Why measure management effectiveness?
Because it matters, of course. You’re probably familiar with a business management cliché first uttered by Peter Drucker – ‘What gets measured gets managed’ – but how to measure? The question of management effectiveness becomes more burning when you consider it in the contact of training: while a basic question – “Was is worth it, and what did it achieve?” – should matter to every organisation, few know or attempt to discover the answer.

When it comes to training evaluation, organisations hunger for evidence of two often elusive factors: return on investment (ROI), to prove that their expenditure was not wasted, and increases in productivity. Training and learning that doesn’t increase performance wastes not just money but time, energy and optimism. Despite this, many organisations limit evaluation to satisfaction scores: a record that the training took place and was ‘enjoyed’, but its impact remains elusive.
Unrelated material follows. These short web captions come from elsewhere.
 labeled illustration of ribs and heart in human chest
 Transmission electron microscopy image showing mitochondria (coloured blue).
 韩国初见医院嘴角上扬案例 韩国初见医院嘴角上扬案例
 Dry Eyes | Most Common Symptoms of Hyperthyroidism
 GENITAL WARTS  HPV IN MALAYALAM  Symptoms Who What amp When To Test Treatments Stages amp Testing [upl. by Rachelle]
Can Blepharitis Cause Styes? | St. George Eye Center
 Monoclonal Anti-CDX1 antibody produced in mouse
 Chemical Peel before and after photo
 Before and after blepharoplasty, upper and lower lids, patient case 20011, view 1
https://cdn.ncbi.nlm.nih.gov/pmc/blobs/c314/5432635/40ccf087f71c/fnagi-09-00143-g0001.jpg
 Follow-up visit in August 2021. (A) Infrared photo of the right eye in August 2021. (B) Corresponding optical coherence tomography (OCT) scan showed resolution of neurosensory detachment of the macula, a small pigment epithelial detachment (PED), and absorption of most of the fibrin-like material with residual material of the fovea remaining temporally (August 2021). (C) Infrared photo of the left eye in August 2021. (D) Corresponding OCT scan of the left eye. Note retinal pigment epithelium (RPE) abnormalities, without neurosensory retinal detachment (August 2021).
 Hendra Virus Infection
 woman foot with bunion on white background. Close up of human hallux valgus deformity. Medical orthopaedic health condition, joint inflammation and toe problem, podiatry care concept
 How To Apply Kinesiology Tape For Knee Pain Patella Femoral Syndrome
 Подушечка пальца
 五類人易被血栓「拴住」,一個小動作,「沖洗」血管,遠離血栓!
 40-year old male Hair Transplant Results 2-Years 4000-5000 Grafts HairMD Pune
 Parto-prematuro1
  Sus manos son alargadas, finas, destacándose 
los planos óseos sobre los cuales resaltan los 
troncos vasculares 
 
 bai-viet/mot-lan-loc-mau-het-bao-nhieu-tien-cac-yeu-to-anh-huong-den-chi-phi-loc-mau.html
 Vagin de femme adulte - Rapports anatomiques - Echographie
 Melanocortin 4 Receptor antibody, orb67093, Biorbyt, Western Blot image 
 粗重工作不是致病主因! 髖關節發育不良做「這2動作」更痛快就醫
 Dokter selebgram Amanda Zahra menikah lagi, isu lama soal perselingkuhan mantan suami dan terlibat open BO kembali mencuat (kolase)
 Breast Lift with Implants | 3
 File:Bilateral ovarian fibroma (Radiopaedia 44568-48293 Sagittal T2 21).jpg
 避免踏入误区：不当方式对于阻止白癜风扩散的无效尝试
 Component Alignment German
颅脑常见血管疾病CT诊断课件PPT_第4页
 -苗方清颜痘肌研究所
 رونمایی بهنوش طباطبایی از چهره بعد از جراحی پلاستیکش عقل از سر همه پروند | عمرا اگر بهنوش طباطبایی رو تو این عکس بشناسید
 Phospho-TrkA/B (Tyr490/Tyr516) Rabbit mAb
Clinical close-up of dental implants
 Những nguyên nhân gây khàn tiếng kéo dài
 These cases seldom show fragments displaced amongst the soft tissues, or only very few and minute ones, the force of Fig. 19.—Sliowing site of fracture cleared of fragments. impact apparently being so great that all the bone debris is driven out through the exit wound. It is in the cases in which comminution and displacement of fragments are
One reason that more meaning evaluation is rarely undertaken is the perception that it is difficult to do. Management performance, after all, is typically assessed using not one but a number of yardsticks: ASK’s own Management Development 360 Degree Feedback tool includes sixty individual competences. No training programme could aspire to address and improve managers’ performance in all of these, and we typically gather and facilitate feedback on the 6 – 10 competences most relevant to the scope of the training.

We use this 360 degree instrument at the beginning of our programmes as a diagnostic tool, identifying areas for personal development and providing insights that can drive self-awareness. Re-deploying it after training allows us to measure how far participants have travelled and supports future development activity, but it is also another starting point: the beginning of a measure of their effectiveness.